Qu’est-ce qu’une obligation ?

Lorsqu’un État va se financer sur les marchés, il émet une obligation, qui est un titre de créance sur cet État. Lorsque vous achetez cette obligation, vous prêtez de l’argent à cet État, qui en échange s’engage à vous verser des intérêts réguliers, appelés coupons, et à rembourser le capital au terme de la duration, à savoir l’échéance du titre. Plusieurs différences majeures distinguent l’investissement dans les obligations et dans les actions :

1 - Contrairement au cours des actions, le montant nominal d’une obligation reste similaire (hors inflation) pour autant qu’elle soit revendue au terme de son échéance et non de manière anticipée. Vous en achetez pour 1000 €, ils vous seront reversés au terme de la duration. Exception : il existe des obligations dites perpétuelles, dépourvues d’échéance. Le nouveau président de l’Argentine, Javier Milei, vient justement d’annoncer l’émission de telles obligations.

2 - Contrairement aux dividendes des actions, le taux de rémunération d’une obligation est (sauf exception) fixé à son émission et ne peut changer ni à la hausse ni à la baisse. Exception : l’OATi, une OAT indexée sur l’indice français des prix à la consommation, et l’OATi€, indexée sur l’indice européen des prix à la consommation.

Pourquoi les obligations redeviennent attractives ?

En raison de l’inflation importante, les banques centrales privilégient depuis 2022 la stabilité des prix et la valeur réelle des actifs plutôt que le soutien de la croissance économique. Alors que les taux directeurs des plus importantes banques centrales du monde – USA, UE, UK – étaient à des niveaux historiquement bas, voire même négatifs en Europe, les taux d’intérêt ont, depuis 2022, augmenté partout dans le monde. En rendant l’argent plus cher, les banques centrales limitent la consommation et incitent les acteurs économiques à épargner plutôt qu’à dépenser ou à emprunter. Très concrètement, si l’investissement immobilier de nombreux ménages est repoussé ou revu à la baisse en raison de cette hausse des taux, l’investissement obligataire a vu sa rémunération augmenter pour devenir bien plus attractif.

Graphiques Performance du Amundi Euro Government Bond 7-10Y

Performance du Amundi Euro Government Bond 7-10Y

Performance du Amundi US Treasury Bond 7-10Y UCITS ETF Dist

Performance du Amundi US Treasury Bond 7-10Y UCITS ETF Dist

La demande des investisseurs pour les produits de dette est fortement stimulée par une hausse générale du niveau des coupons, depuis les émetteurs les plus fiables jusqu’aux plus risqués. La partie obligataire d’un portefeuille optimalement diversifié peut donc contribuer à sa performance financière globale, tout en pondérant son niveau de risque moyen. Elles ont plusieurs atouts : en plus de permettre une diversification du portefeuille par-delà les actifs classiques que sont les actions et l’immobilier, les obligations permettent de générer des revenus prévisibles et non corrélés à l’activité économique, diminuant ainsi le niveau de risque moyen du portefeuille.

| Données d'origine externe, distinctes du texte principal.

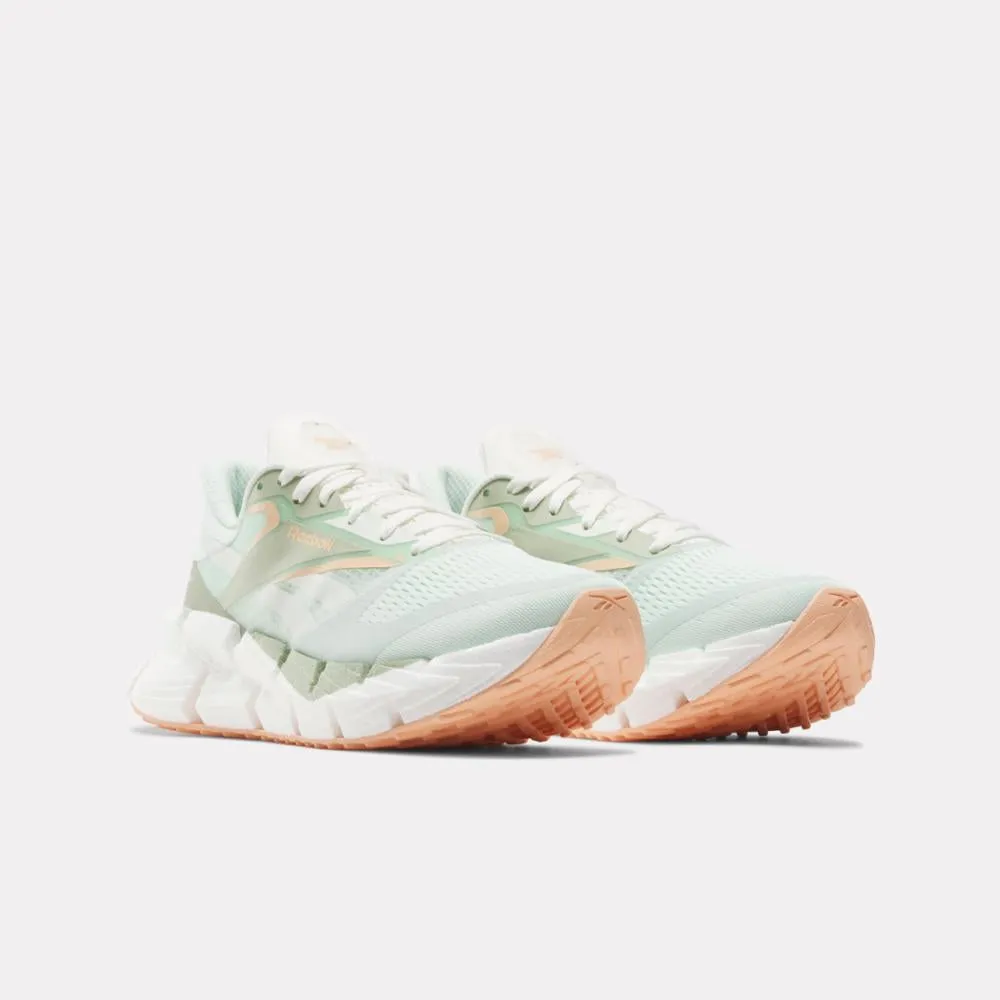 Reebok Footwear Women FloatZig 1 Shoes AQUDUS/VINGRE/PEAGLO sold by Reebok product image thumbnail 2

Quelles sont les bonnes raisons d’investir ou non dans les obligations ?

Tout d’abord, comme il n’y a pas de rendement sans risque, explorons les risques liés aux obligations :

1) Le risque de défaut

C’est un scénario certes limite en ce qui concerne les États, mais dans lequel le détenteur d’obligations peut perdre tout ou partie de son capital initial. Quelques exemples d’États ayant déclaré faillite sur leur dette sont intéressants à cet égard :

  • Les souscripteurs des fameux « emprunts russes » ont dû attendre plus de 70 ans pour obtenir un remboursement très partiel ;
  • L’Argentine gère encore les conséquences de sa faillite de 2002, et seuls certains de ses créanciers les plus déterminés ont pu obtenir un paiement partiel de leurs obligations ;
  • Après sa faillite en 2022, le Sri Lanka a proposé aux détenteurs de sa dette une décote de 30 %.

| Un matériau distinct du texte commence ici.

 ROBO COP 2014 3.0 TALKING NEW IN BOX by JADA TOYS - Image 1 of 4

Pour aider les investisseurs dans leurs choix, des sociétés spécialisées, les agences de notation se sont développées en proposant des systèmes de classification de ce risque de défaut. Les agences de notation les plus connues au monde sont Standard & Poor’s, Moody’s, et Fitch. Elles notent les obligations sur une échelle allant du AAA – le fameux triple A que la France a perdu en 2012 – accordé aux émetteurs d’obligations considérés comme les plus fiables, jusqu’à CCC (triple C), pour les émetteurs en grande fragilité financière, dont les obligations peuvent offrir des taux d’intérêt très attractifs mais qui n’ont que peu de chances de rembourser. Leurs évaluations sont basées sur de nombreux critères tels que la qualité de la gestion, la santé financière, l’endettement et la conjoncture économique.

Liste des pays notés AAA par les trois principales agences de notation :

  • Australie
  • Danemark
  • Allemagne
  • Luxembourg
  • Pays-Bas
  • Suisse
  • Norvège
  • Suède
  • Singapour

2) Le risque de taux d’intérêt

Ce risque est lié aux variations des taux d’intérêt sur le marché. En effet, si les taux d’intérêt continuent à augmenter en 2024 et au-delà, le prix de marché des obligations en circulation peut diminuer. Ce phénomène est important à comprendre : lorsque sont émises de nouvelles obligations offrant un meilleur rendement, ceux qui souhaitent revendre leur titre avant échéance sur le marché secondaire vont faire face à une perte en capital. En effet, une obligation qui offre un rendement inférieur doit être vendue avec une décote pour intéresser un acheteur. À l’inverse, si les taux baissent, une obligation achetée antérieurement offre donc un taux supérieur, et son cours s’en trouve réévalué pour intégrer le rendement supérieur qu’elle offre désormais. Ceux qui respectent l’échéance du titre vont récupérer leur capital, sans hausse ni baisse du cours de leur obligation. En cas de baisse des taux, ils se seront privés d’une plus-value pour privilégier un rendement supérieur, et en cas de hausse de taux, ils auront accepté une moins-value pour racheter de nouvelles obligations offrant un meilleur rendement.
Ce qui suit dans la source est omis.